Saturday, June 21, 2014

140622 Into All the Earth



 Acts 8:26-38 Now an angel of the Lord said to Philip, “Rise and go toward the south to the road that goes down from Jerusalem to Gaza.” This is a desert place. 27 And he rose and went. And there was an Ethiopian, a eunuch, a court official of Candace, queen of the Ethiopians, who was in charge of all her treasure. He had come to Jerusalem to worship 28 and was returning, seated in his chariot, and he was reading the prophet Isaiah. 29And the Spirit said to Philip, “Go over and join this chariot.” 30 So Philip ran to him and heard him reading Isaiah the prophet and asked, “Do you understand what you are reading?” 31 And he said, “How can I, unless someone guides me?” And he invited Philip to come up and sit with him. 32 Now the passage of the Scripture that he was reading was this: “Like a sheep he was led to the slaughter and like a lamb before its shearer is silent, so he opens not his mouth. 33   In his humiliation justice was denied him. Who can describe his generation? For his life is taken away from the earth.”
34 And the eunuch said to Philip, “About whom, I ask you, does the prophet say this, about himself or about someone else?” 35 Then Philip opened his mouth, and beginning with this Scripture he told him the good news about Jesus. 36 And as they were going along the road they came to some water, and the eunuch said, “See, here is water! What prevents me from being baptized?” 38 And he commanded the chariot to stop, and they both went down into the water, Philip and the eunuch, and he baptized him. 39 And when they came up out of the water, the Spirit of the Lord carried Philip away, and the eunuch saw him no more, and went on his way rejoicing. 40 But Philip found himself at Azotus, and as he passed through he preached the gospel to all the towns until he came to Caesarea.

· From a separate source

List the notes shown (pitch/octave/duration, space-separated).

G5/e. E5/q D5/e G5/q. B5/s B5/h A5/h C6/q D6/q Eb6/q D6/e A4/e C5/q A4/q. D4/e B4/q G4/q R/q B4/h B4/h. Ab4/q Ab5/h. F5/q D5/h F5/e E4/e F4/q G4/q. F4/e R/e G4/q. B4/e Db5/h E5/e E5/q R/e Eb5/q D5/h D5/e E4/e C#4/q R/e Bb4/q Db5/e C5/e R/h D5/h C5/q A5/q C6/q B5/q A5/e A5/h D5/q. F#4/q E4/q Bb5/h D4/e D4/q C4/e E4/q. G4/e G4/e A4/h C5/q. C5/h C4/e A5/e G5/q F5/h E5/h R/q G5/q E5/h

Jesus’ last command to his disciples was to go to all the world with the gospel. I usually think of the beginning of “going to all the world” as the first missionary journey by Paul and Barnabas. However, it really began on the day of Pentecost when visitors from all over the Roman world first heard the gospel and later took it home with them. The next step was taken by Philip when he took the gospel to Samaria. Now, we see Philip being placed in a strategic position to make contact, at just the right time, with an official of the Ethiopian government. The Spirit of God began right away to move in the church to get the gospel out of the confines of Jerusalem.
Under normal circumstances it would have been many years before a missionary went to Ethiopia with the gospel. Here we have an Ethiopian government official whose heart is open to know the Lord. When God moves in a person’s life to bring them to salvation he will bring them into contact with someone who can tell them about Jesus. He doesn’t send an angel instead he sends one of his people. There’s a lot of things going on in this story. Let’s begin with Philip’s…

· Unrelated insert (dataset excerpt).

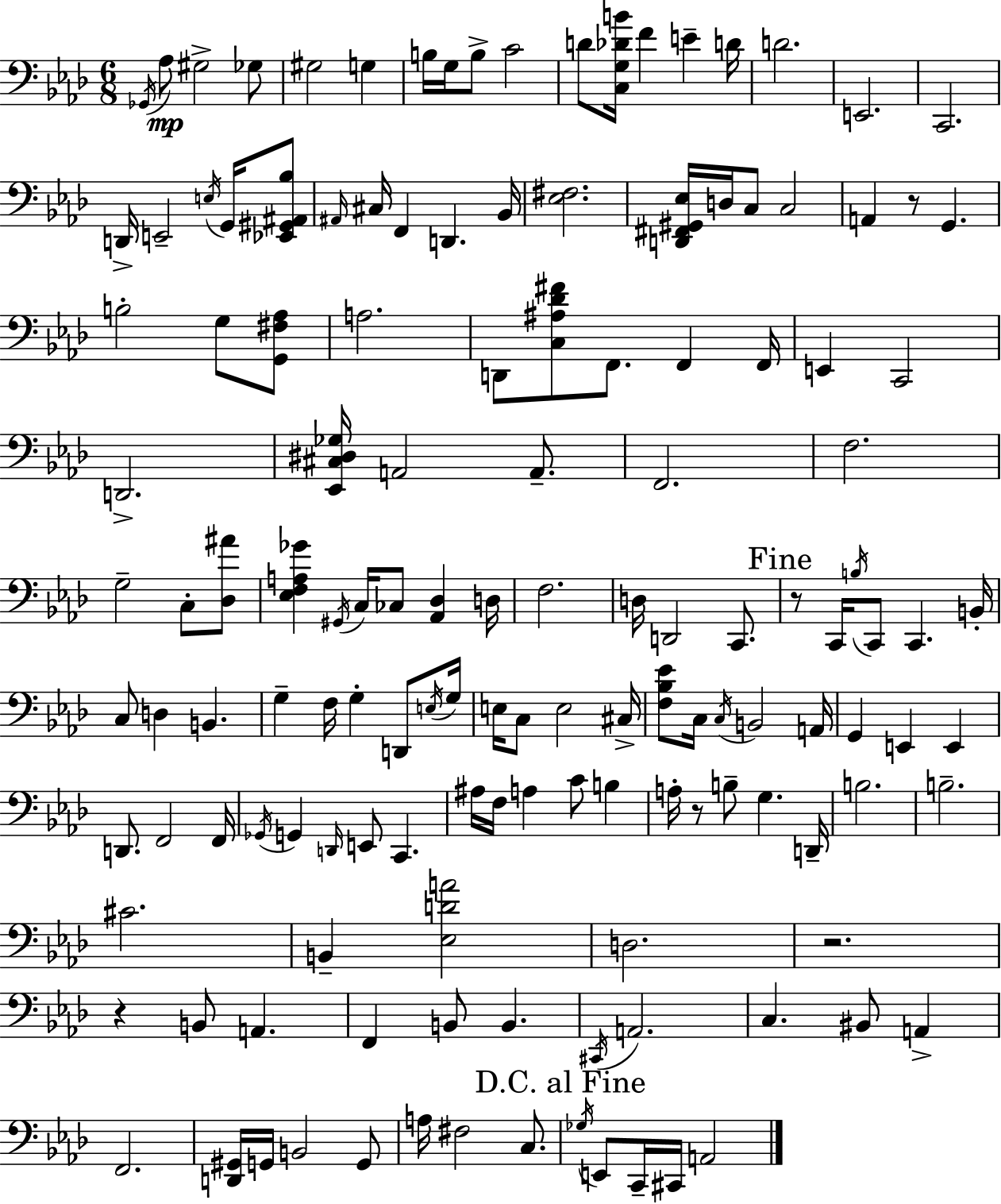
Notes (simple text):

Unquestioning obedience. Philip may have been present when Jesus ascended into heaven. He may have heard the Great Commission as recorded in Matthew. It is not impossible that he was with the group when Jesus gave them the words recorded in Acts 1:8. But you will receive power when the Holy Spirit has come upon you, and you will be my witnesses in Jerusalem and in all Judea and Samaria, and to the end of the earth.

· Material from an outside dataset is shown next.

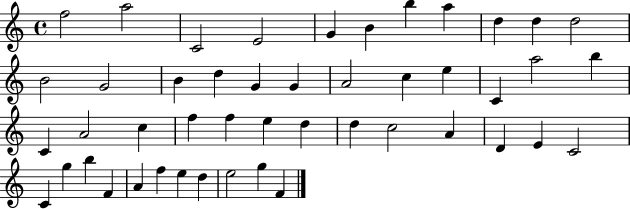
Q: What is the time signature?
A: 4/4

If Philip did not hear the words when they were first spoken he surely had heard them in the discussions the disciples had about Jesus. The point that I want to make is this, Philip understood that the gospel was to go to the end of the earth. I do not believe that God sends angels to bring people to Jesus but I do believe that he sends angels for many reasons. In this case he sent an angel to give specific directions to Philip. There are at least two reasons why Philip needed directions. Number one, the place he was instructed to go to was desert. Second, he was busy obeying the Lord! He had taken the gospel to Samaria and that was a place where the average Jew wouldn’t go and when he told them about Jesus they listened. He had a very successful ministry there.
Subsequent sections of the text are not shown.